Me gustan los libros. Quizás por ello sea un antisano y un antiguo. No me importa. Como tampoco me importa considerar el libro impreso como un objeto de arte. Quizás es que sea un esteta caduco y obsoleto. Tampoco me importa. He aprendido y sigo aprendiendo mucho en los libros, incluso en los libros electrónicos, que me gustan menos pero no rechazo y alguna vez uso; se pregunta César Antonio Molina: "¿Más útil, barato, democrático el libro electrónico?". Quizás es que sea también un humanista irredento, aunque no crea mucho en el poder beatífico de la cultura.

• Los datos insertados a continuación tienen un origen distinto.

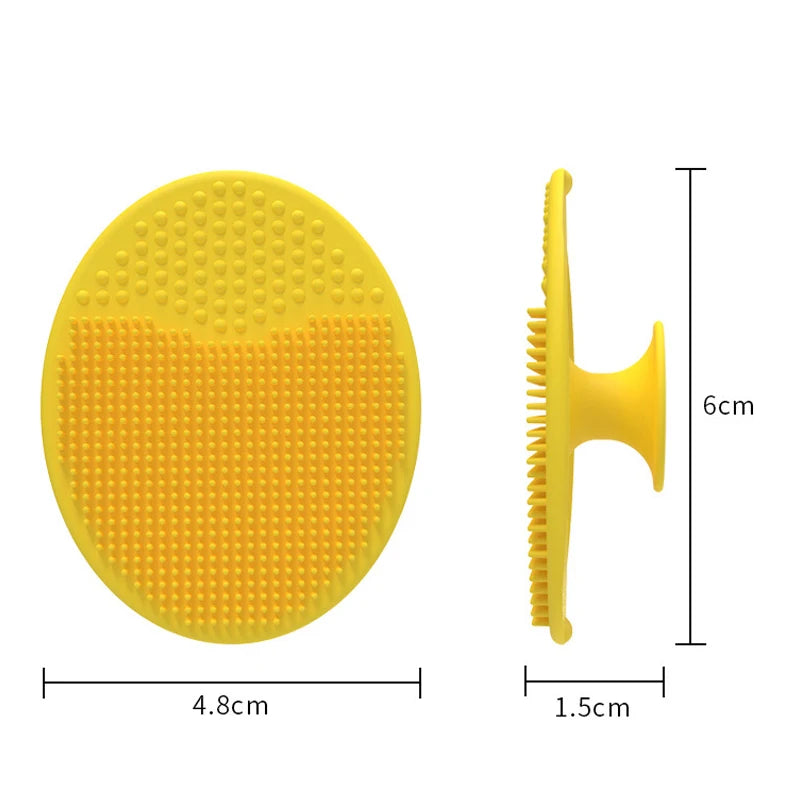 Escova de Shampoo de silicone para o bebê Escova de banho infantil Pequena escova de banho Massagem de lavagem da cabeça Pente Wipe, Suave, Meninos, Crianças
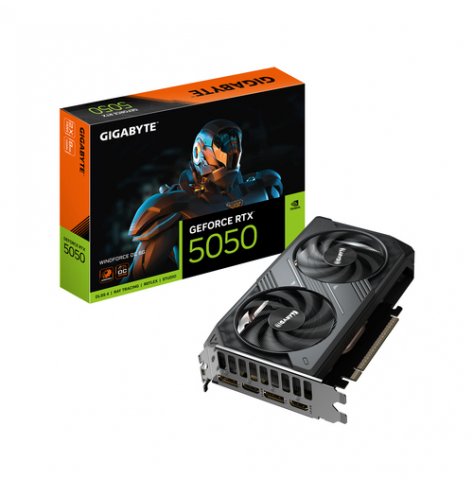 GIGABYTE GeForce RTX 5050 WINDFORCE OC 8GB GDDR6 2xDP 2xHDMI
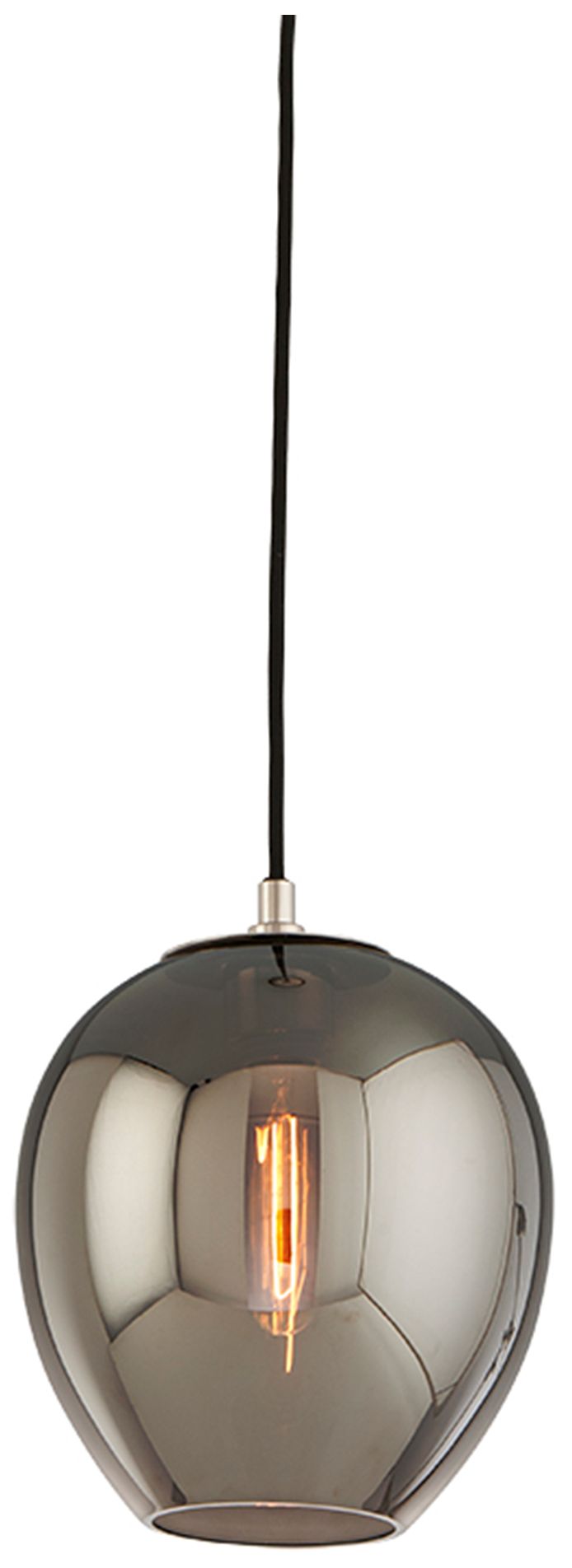 Odyssey 9" Wide Textured Black Mini Pendant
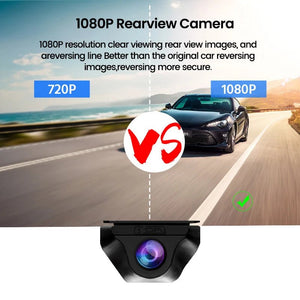 10 Inch Car DVR Touch Screen Dual 1080P Front And Rear Rearview Mirror Camera - stepyours.com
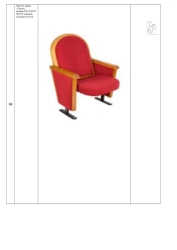 Armchair, brand name "Theatre", size:530×530/700x970, cushion thickness 110 mm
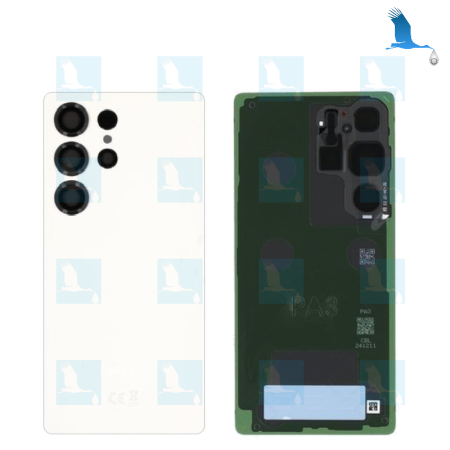 S25 Ultra - Batterieabdeckung – GH82-36353A - Grau (Titanium grey) - oem - S25 Ultra (SM-S938B)
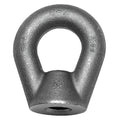 Oval Eye Nut, 1"-8 Thread Size, 1 in Thread Lg, Steel, Black Oxide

Me gusta tener muchos libros, aunque los espacios cada vez se reduzcan más. Quizás es que sea un fetichista trasnochado. Y tener mi biblioteca como un proyecto de lectura, que se va cumpliendo con el tiempo. Me gusta rebuscar entre las estanterías, como un ratón de biblioteca, aquel libro que un día leí y hoy quiero recuperar para releer una frase, o quizás el texto completo. ¿Cuántas veces habré releído El Extranjero de Camus, El Arbol de la Ciencia de Baroja o los poemas de los Machado? Quizás es que sea un lector empedernido que aún encuentra un placer malsano en leer, cuando cada vez se escribe más y se lee menos.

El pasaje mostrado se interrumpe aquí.